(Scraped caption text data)
= = = =

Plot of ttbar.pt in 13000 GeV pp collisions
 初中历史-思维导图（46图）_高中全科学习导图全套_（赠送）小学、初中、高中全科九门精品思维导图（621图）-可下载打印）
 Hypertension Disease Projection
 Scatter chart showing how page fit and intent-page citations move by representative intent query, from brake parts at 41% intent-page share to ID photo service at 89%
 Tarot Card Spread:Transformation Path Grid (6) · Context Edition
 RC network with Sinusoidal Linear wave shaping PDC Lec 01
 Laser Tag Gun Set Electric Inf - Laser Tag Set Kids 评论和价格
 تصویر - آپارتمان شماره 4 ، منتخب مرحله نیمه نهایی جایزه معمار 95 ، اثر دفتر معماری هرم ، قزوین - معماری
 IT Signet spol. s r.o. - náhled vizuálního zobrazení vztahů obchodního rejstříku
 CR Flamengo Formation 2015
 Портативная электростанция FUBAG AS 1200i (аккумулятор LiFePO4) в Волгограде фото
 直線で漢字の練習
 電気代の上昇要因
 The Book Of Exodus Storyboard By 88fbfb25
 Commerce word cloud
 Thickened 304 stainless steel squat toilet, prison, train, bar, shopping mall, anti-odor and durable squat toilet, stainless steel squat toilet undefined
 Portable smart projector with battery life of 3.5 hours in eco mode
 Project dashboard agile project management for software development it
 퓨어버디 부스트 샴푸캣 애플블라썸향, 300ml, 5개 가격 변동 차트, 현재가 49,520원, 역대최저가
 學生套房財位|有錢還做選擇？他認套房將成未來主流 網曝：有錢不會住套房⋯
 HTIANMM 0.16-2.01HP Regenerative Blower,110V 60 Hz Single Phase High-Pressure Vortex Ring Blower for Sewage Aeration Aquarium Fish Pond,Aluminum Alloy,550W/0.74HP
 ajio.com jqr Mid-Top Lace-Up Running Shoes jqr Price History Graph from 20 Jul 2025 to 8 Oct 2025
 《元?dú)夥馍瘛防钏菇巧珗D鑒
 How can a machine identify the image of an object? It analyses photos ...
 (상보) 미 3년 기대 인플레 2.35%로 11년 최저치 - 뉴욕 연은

= = = =

Work instructions — Your task is to retype, exactly and only, the lines from the one with "HTIANMM 0.16-2.01HP Regenerative" through the final line above.

Exercise answer —
 HTIANMM 0.16-2.01HP Regenerative Blower,110V 60 Hz Single Phase High-Pressure Vortex Ring Blower for Sewage Aeration Aquarium Fish Pond,Aluminum Alloy,550W/0.74HP
 ajio.com jqr Mid-Top Lace-Up Running Shoes jqr Price History Graph from 20 Jul 2025 to 8 Oct 2025
 《元?dú)夥馍瘛防钏菇巧珗D鑒
 How can a machine identify the image of an object? It analyses photos ...
 (상보) 미 3년 기대 인플레 2.35%로 11년 최저치 - 뉴욕 연은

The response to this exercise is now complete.